According to the report, this presents an opportunity for companies and private sector investors to improve sustainable water resource management and mitigate water risk while also generating solid financial returns.
“By working with our partners and network of water experts like WWF and BCG, ING invests in building a pipeline of sustainable water projects that offer sufficient financial returns and help to reduce long-term water related risk,” said Ambika Jindal, ING Bank, VP Sustainable Finance. “We see opportunities in the water sector and find it important to catalyse freshwater projects that will benefit economies and ecosystems.”

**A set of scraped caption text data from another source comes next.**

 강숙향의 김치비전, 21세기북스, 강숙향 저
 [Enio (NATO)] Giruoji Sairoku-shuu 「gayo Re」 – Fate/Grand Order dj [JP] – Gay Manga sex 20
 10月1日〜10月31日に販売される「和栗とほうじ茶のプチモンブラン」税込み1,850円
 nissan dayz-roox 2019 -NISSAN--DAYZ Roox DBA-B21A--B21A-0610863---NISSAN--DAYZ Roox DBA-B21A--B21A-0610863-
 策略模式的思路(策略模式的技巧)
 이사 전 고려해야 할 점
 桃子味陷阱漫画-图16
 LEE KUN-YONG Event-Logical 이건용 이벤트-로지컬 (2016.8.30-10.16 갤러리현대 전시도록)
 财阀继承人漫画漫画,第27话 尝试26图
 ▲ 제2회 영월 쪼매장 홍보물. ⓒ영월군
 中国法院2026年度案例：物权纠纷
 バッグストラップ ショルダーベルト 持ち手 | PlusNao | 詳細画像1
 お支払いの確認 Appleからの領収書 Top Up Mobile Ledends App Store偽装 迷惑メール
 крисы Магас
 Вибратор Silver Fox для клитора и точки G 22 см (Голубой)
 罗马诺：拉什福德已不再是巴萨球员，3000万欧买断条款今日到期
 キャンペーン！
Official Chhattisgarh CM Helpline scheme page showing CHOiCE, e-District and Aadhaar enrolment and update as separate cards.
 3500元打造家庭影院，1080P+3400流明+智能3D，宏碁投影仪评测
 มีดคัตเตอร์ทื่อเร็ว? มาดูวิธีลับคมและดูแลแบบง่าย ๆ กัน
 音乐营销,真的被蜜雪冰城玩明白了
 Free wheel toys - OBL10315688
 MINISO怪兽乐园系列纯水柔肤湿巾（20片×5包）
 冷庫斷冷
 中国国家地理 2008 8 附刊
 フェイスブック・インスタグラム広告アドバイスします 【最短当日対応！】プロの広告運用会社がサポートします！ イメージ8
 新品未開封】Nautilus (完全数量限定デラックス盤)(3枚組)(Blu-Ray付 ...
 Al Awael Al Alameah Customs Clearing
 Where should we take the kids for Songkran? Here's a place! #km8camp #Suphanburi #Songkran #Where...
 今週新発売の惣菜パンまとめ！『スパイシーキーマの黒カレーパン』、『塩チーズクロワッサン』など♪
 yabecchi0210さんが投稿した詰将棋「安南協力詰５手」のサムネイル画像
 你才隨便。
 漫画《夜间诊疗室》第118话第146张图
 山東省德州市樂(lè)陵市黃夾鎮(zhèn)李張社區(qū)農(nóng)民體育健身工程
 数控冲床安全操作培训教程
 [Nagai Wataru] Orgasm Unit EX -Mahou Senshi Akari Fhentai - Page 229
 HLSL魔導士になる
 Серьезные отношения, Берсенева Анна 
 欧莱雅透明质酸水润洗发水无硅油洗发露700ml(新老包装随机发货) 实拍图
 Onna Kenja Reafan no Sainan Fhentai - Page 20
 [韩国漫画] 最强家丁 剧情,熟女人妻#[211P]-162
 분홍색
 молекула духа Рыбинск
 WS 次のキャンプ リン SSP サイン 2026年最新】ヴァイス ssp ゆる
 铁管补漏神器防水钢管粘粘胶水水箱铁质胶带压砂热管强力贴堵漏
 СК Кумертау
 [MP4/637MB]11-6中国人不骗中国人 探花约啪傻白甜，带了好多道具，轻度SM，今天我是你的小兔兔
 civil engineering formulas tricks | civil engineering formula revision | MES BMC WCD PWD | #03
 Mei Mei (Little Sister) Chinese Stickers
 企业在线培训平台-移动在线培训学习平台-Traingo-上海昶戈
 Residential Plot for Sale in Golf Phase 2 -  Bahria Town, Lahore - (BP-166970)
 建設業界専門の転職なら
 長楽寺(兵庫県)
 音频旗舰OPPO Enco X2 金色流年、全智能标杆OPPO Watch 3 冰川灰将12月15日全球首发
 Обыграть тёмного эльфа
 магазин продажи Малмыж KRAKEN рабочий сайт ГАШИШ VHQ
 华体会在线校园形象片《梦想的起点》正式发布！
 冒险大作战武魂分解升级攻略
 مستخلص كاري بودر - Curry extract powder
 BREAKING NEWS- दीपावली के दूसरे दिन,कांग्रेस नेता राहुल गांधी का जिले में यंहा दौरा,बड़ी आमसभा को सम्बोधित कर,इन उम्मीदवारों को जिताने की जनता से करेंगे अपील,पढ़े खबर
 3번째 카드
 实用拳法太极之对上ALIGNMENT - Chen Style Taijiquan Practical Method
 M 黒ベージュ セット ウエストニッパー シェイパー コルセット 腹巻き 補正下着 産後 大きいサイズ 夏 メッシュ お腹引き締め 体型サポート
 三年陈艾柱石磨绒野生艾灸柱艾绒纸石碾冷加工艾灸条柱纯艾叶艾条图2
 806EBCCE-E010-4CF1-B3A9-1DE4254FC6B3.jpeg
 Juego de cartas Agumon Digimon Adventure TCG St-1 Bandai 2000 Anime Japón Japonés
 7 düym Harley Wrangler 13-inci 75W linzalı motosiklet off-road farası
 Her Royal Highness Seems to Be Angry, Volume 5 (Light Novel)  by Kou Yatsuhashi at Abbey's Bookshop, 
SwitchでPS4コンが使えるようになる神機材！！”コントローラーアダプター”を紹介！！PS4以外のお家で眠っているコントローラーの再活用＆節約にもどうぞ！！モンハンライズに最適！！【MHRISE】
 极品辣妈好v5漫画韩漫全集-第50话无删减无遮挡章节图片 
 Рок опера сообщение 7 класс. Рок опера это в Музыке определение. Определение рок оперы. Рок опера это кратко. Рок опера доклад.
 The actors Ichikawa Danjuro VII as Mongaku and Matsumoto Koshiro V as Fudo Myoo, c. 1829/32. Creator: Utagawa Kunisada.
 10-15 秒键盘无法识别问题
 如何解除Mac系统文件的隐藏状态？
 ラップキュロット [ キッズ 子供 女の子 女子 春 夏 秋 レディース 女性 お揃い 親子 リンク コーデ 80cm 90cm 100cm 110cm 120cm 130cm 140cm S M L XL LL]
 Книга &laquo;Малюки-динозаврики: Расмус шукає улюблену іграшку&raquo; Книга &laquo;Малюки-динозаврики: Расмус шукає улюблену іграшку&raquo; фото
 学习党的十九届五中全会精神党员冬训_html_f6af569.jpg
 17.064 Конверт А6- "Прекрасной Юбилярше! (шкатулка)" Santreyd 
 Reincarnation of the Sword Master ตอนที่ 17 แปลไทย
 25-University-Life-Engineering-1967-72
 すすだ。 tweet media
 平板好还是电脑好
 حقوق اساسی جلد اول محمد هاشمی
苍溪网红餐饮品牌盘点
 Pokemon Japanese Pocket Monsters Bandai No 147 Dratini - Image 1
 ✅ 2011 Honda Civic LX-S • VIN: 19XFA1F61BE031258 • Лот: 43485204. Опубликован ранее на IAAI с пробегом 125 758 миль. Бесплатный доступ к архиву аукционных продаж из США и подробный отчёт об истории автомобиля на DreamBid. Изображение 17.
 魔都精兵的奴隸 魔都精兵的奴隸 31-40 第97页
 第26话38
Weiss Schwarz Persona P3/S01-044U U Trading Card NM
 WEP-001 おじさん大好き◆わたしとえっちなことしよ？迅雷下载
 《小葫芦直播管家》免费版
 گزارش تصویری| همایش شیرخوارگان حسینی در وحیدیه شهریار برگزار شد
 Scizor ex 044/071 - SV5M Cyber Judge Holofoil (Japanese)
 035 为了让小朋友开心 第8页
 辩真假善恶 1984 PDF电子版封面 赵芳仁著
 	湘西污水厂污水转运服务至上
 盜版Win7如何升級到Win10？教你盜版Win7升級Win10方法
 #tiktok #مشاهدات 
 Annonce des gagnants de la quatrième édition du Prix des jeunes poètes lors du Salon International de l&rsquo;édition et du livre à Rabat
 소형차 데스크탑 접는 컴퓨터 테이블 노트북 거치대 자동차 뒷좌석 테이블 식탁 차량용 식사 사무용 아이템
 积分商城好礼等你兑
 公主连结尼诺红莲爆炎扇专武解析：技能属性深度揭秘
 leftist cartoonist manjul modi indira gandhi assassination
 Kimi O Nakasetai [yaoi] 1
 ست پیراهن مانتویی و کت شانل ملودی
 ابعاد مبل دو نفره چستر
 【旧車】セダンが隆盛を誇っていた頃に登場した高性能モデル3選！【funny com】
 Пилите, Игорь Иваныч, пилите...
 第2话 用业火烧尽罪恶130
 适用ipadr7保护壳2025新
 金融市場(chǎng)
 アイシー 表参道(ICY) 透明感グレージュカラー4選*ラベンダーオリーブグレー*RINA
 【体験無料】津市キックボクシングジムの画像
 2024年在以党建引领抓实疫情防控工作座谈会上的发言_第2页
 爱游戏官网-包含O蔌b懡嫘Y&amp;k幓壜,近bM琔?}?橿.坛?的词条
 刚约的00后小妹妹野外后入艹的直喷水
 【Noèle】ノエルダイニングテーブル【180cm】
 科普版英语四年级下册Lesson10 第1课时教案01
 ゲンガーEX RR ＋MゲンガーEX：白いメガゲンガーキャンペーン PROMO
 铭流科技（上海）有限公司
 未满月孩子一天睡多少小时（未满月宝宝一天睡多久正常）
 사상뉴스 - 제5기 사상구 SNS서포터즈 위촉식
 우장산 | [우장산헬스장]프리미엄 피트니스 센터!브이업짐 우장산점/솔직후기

The opportunities for sustainable bankable projects range across all sectors from improving agricultural water usage to enhancing industrial wastewater treatment, developing solar power plants and restoring wetlands. The report highlights some existing bankable projects including:
- Farmers close to the Great Barrier Reef adopting sustainable practices, which curbed reef-damaging river pollution and generated significant financial benefits
- Textile manufacturers in Turkey’s Buyuk Menderes basin implementing cleaner production methods, which reduced their costs and cut pollution
- UK utility Anglian Water raised £250 million in a green bond jointly arranged by ING with proceeds being used to tackle ecosystem-related issues, including resilience and drought.
Common characteristics among these projects include:
- a capacity to generate a sufficiently large cashflow or mitigate risks
- positive impact on the environment
- ensuring the whole river basin is taken into consideration.
Based on these principles, WWF is working on building a cooperative approach to bankable freshwater projects. Advisory sessions have already been held with potential investors and financial experts providing feedback on possible projects in eight river basins – part of a growing pipeline of projects.
However, this barely scratches the surface, according to the report.
BCG: able to measure correlation between societal, environmental and financial performance
“Under mounting pressure from investors, customers, and employees, companies are increasingly taking a total societal impact view on their strategies. What’s more, across several industries, we have been able to measure a correlation between societal and environmental performance and financial performance. For several sectors, reducing water-related risks and costs throughout their value chains is a pivotal element in this effort,” said Adrien Portafaix, Principal at BCG. “In the wake of the SDGs, we see the emergence of a supporting ecosystem to help make sustainable investments more attractive to private sector players.”
Underlining the growing risks to their supply chains, the report is calling on multinational companies to take the lead in promoting better use of water resources by identifying bankable freshwater projects within their own operations and supply chains.
Proactively supporting investments in bankable projects can help companies gain a competitive advantage and benefit from lower costs, more resilient supply chains, and a better reputation with customers and regulators.
The report also recommends deeper collaboration between development finance institutions, government aid agencies, NGOs and private sector investors.
“With support from ING and BCG, WWF is using its freshwater expertise, global partnerships and convening power to develop bankable water projects in river basins across the globe,” said Vermeulen. “We believe this innovative approach will benefit communities and companies by contributing significantly to solving the world’s water crises.”